12th Installment: I’m Hungary in Nice

We decided after hearing from a few people that Eze Village (eh-ze vee-laaj) would be a good place to check out as a day trip from Nice by bus. It’s claim to fame is the 13th century fortress and medieval town surrounding it high up in the mountains and was just 30 minutes down the road by bus. Whereas Eze proper was at sea level and known for its beach and approached by train. Mr. Google directed us to bus 82 around Mt. Boron (a steep walk up the hill and down to our stop at El Joly. We arrived but no one was there despite it being a popular destination; Spidey senses on alert.

We stood alone and confused at our stop. Are we going up or down? There was a couple across the street at a stop heading in the opposite direction, looking like they were waiting in a similar situation. Carol prodded me to cross the street and make sure we had it right. After dodging a few cars I approached the pair of women.

The youngest (Barbara) was open to enquiries and I sidled up to her, paused for a moment so as not to intimidate her (I’m older than her grandfather so how intimidating could I be?), and asked her ‘Was this the bus to Eze Village?’. She assured me this side of the street was the correct direction. So I waved Carol over and all of our problems should be satisfied.
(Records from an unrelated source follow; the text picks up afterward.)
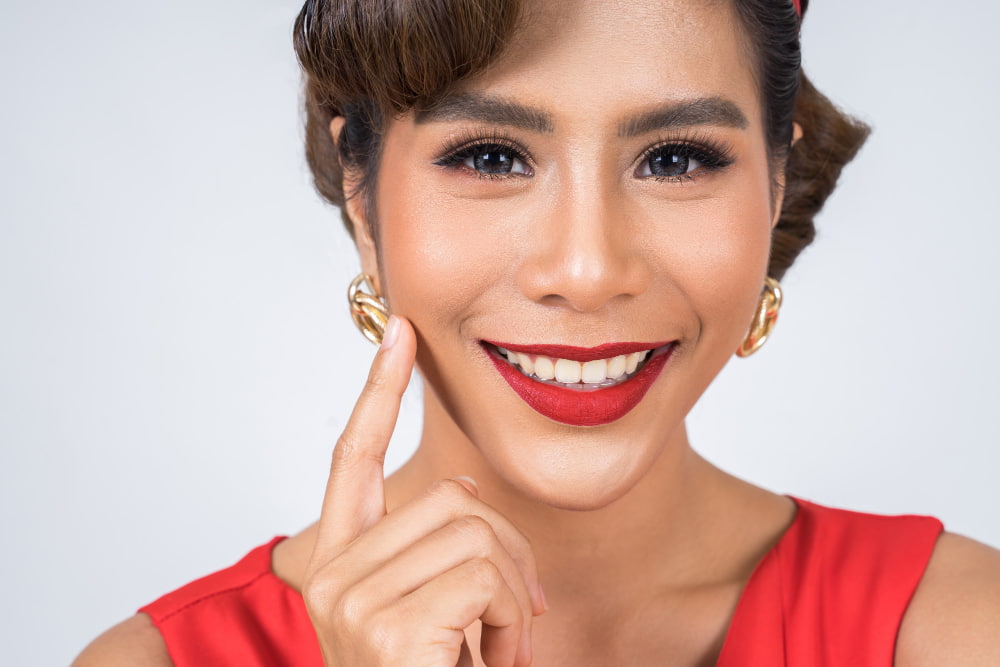 Smiling person wearing red lipstick and gold earrings, with a hand gently touching their cheek.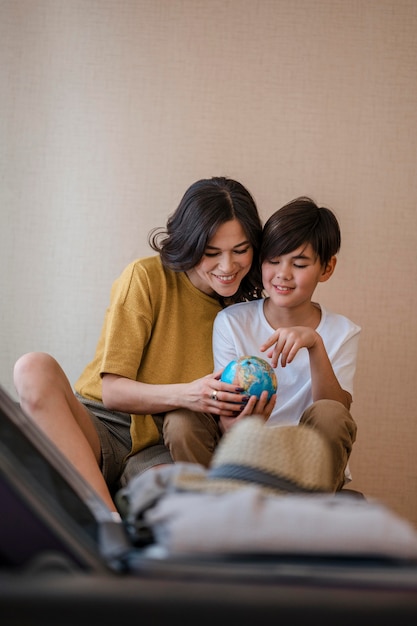 ミディアムショットの女性と地球儀を保持している子供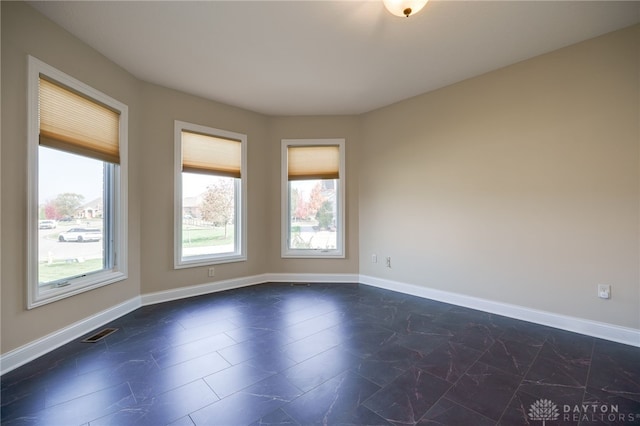 empty room featuring plenty of natural light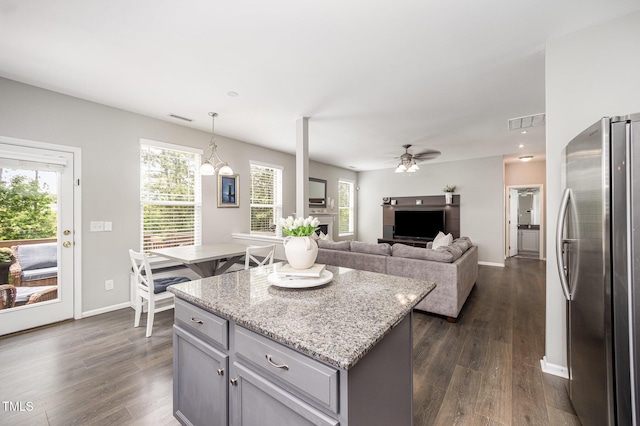 1211 Whispering Oak Ln, Durham, NC 27704 - kitchen with freestanding refrigerator, gray cabinets, a ceiling fan, and dark wood-style flooring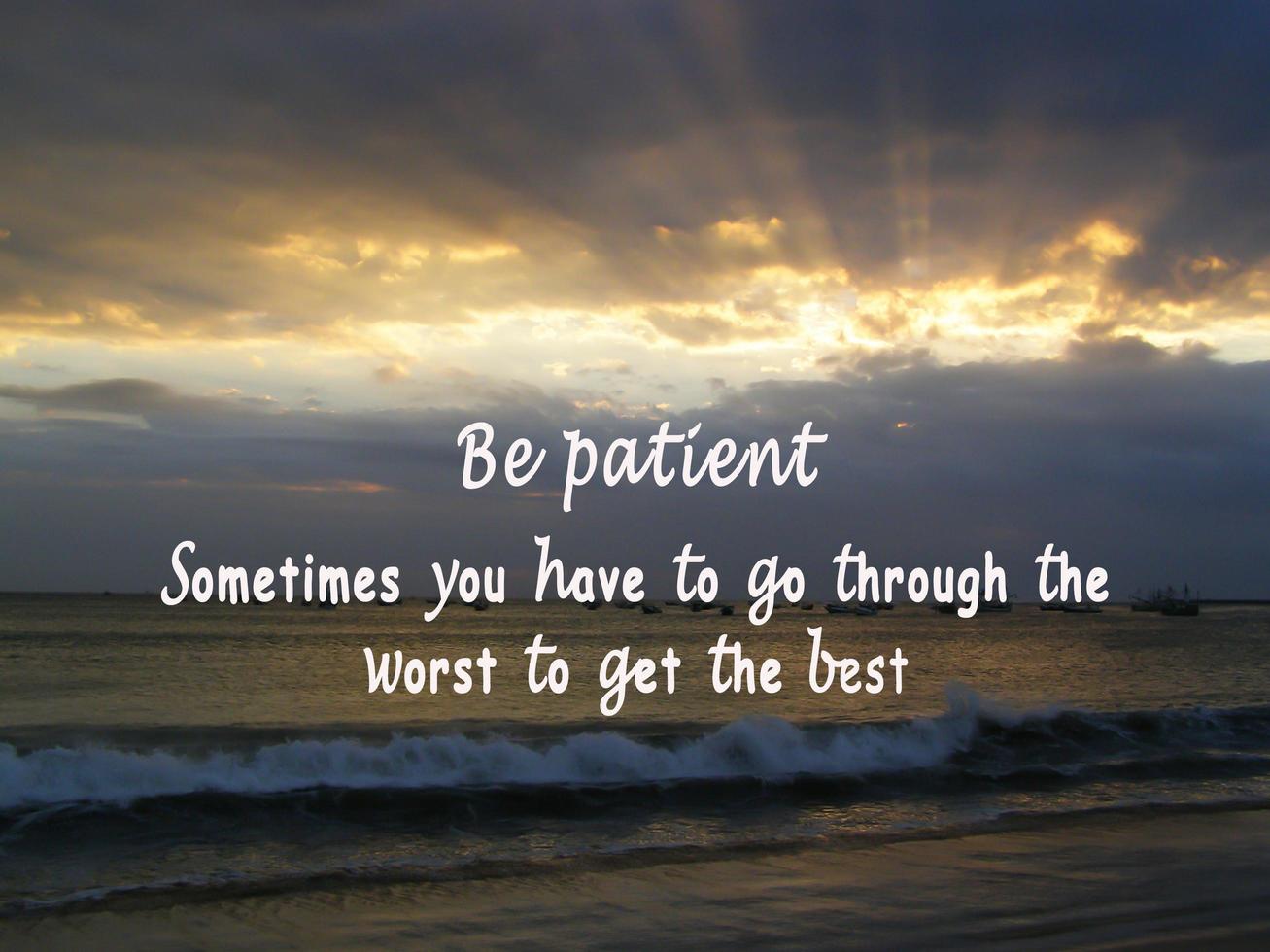 Motivational and inspirational quote on sunset beach. Be patient concept. photo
The young Barbara pointed us to the bus schedule that was obscured in the bushes and we deciphered that yes indeed, this was the correct side of the street for Eze on bus 82. But as I scrutinized the data I determined that there was only 4 buses to Eze daily and none of them was imminent (like 90 minutes to the next one). WTH! Mr. Google was right, but we were wrong.

I passed along my truth to the lovely Barbara and after conferring with her mother Monica, who spoke not a whit of English, they decided that an Uber was the most fastidious choice and promptly engaged the app and ordered an Uber Black to save them from El Joly perdition. We, of the BC hinterland, had no need for an Uber app, because every one in our world had multiple vehicles and would just drive to where we wanted to be  (also Uber deemed us as persona non grata and wasn’t operating within 500 kms of us). So, after conferring with Carol we decided a foursome á la Uber was the wise choice and we asked the lovely, stylish, Barbara if we could tag along. A quick confab with said matriarch offered us a position in the rear of their Uber Black. Woohoo! We were going to be indoctrinated into the 21st century of the apposphere. Hello Mr. Uber, where have you been?

With 10 minutes to kill I grilled the lovely Barbara, who was probably an up and coming starlet based on her fabulous appearance and her mother was probably her agent. They were from a town outside of Budapest in Hungary and were on a short vacation together. Of course she was multilingual and confident. She had become engaged and was scoping out honeymoon locations.  Thinking the wedding might be this summer I enquired if it was soon. ‘No, its two years from now’ she replied. Now THAT is confidence, and it was great to hear.

We chatted along the way and as we climbed higher the views were breathtaking. The Mediterranean in all its splendor, a rich deep blue stretching to the horizon with islands and yachts dotting its surface was the star of the show. The nearby Cannes film festival was just wrapping up and the prestigious Monaco Grand Prix was this coming weekend, so yachts were like flies on a sticky trap in your grandmother’s shed, everywhere.

Our driver dropped us off at the foot of the town and it was time for a few photos and we said our goodbyes.

Barbara and Monica prior to their arduous trek to the top in Eze. Apparently mother-daughter tap dancing is a thing in Hungary.

It was near lunch time so we popped into the market to get fueled up for yet another steep walk up the ancient streets and alleyways to the renowned garden at the pinnacle of the mountain, Jardin Exotique d’Èze.

Several artisans and painters lived inside the walls and their wares were on display along the route. There were tiny cafes and restaurants perched on the cliff face with fabulous views. The studios that the painters worked in had been carved out of the mountain 8 centuries previous and nonliving space was relegated to low-ceilinged caves where the animals would have been housed. The historical setting had been untouched other than the necessary repair work and upgrades to the stone streets and the few homes of the residents.

The views were amazing, the gardens were amazing, the food at the restaurant was amazing. Basically you could sum up our trip to Eze Village in one word, ‘very good’. Oh, and Carol spent too long in the bathroom so we missed our bus and had to wait 90 minutes for the next one, amazing.

Tomorrow will be a ‘hang around Nice day’ and go back to the beach for a picnic, then back to our pool. I wonder what the little people are doing?

3 Replies to “12th Installment: I’m Hungary in Nice”

  1. I laughed my head off this time. I never know if what you are writing is vaguely true or not. Lots of adventure regardless. You guys are both looking stylish in the pics.